# Snapper in the Bay



## HeloGuy (Feb 24, 2008)

I know its not Snapper season yet. I hooked into a 21in Red Snapper in the Bay


----------



## JoshH (Sep 28, 2007)

Watch your hand!!! they aren't called snapper for no reason oke


----------



## Private Pilot (Oct 3, 2007)

Not bad:clap


----------



## true-king (Oct 2, 2007)

HMMM, since snapper are extinct and aren't even on the wrecks, I'm calling BS...oke


----------



## flyingfishr (Oct 3, 2007)

I've got a new train of thought on these "snapper" as they are being called. If they are in fact extinct could it be assumed that an introduction of them into these waters could be viewed as an introduction of an invasive species? If this could be assumed, it is my understanding that invasive species have no season or daily bag limit, ultimately making them fair game. Just a mindless thought I suppose.


----------



## [email protected] (Oct 4, 2007)

that was my hand on that snapper, no worries i have lots of pain meds in me.:letsdrink i think they should do there snapper study in the bay.


----------



## lobsterman (Sep 30, 2007)

to the forum and congratulations on the ever endangered Red Snapper


----------



## konz (Oct 1, 2007)

Nice job Charles. Awesome snapper for the bay


----------



## Wharf Rat (Sep 27, 2007)

I think these rare Red Snapper have evolved into a whole new species which is highly populas in these here waters...it must be the Orangeish Snapper.
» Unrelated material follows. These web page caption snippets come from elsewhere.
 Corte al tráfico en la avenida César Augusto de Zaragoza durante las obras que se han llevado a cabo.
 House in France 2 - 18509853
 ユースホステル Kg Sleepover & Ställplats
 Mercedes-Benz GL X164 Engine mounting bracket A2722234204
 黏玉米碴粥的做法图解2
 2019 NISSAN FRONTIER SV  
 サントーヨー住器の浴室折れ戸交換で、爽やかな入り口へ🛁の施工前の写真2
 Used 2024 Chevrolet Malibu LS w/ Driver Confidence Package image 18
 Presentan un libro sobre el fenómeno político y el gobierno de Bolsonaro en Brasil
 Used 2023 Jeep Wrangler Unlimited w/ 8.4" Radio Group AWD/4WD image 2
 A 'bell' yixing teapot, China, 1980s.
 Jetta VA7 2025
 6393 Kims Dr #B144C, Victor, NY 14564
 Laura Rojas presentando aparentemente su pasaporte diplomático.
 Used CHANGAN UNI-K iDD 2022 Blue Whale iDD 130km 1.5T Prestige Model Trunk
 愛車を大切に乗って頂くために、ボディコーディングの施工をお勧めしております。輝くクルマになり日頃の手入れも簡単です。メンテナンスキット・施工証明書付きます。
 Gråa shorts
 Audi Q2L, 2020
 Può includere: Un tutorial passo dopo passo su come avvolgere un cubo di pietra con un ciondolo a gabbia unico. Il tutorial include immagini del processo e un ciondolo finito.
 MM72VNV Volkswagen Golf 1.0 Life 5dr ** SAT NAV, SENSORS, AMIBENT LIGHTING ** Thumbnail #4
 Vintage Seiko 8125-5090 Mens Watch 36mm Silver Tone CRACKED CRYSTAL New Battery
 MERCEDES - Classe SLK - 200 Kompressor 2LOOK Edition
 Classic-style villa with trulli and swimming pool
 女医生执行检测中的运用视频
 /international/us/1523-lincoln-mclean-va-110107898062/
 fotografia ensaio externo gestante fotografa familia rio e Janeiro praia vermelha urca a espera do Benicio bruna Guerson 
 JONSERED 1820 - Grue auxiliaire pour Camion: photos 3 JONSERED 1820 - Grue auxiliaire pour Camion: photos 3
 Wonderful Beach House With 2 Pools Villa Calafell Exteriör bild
Guess that means they fall under the regs for snapper-other: 12" and 10 a day!


----------



## parrothead (Oct 1, 2007)

Nice snapper !!!!!!!!!!!! Welcome aboard :letsdrink

:letsdrinkScott


----------



## fishmasterseven (Oct 6, 2007)

not a bad way to go for a first post.....great job!!!


----------



## CAPT. PAUL REDMAN (Oct 3, 2007)

> *HeloGuy (2/26/2008)*I know its not Snapper season yet. I hooked into a 21in Red Snapper in the Bay


Is there anyway I can use the picture and get a detailed statement about,where, when,depth etc. etc.

Also if any of you have rare Red Snapper encounters in unuasual places and can take a picture with something in the background to verify your approximate location we could really use them, not that catching snapper in the bay is unusual but there is not alot of physical evidence other than hear say.I think it will really help.

Thanks


----------



## dan ros (Nov 6, 2007)

nice fish...

i like the orange snapper approach!



as far as experimentation goes...i think it would be productive to experiment with various reactions between the specimen and say...butter! add heat, a little salt, pepper and lemon juice to this experiment...mmmm mm. the quest for knowledge rarely tastes this good!

you'll have to get past your conscience though....those ARE endangered you know! lol.


----------



## todd in the bay (Oct 3, 2007)

Did someone say "RARE" red snapper? Little 'uns are all over 3 mile bridge...


----------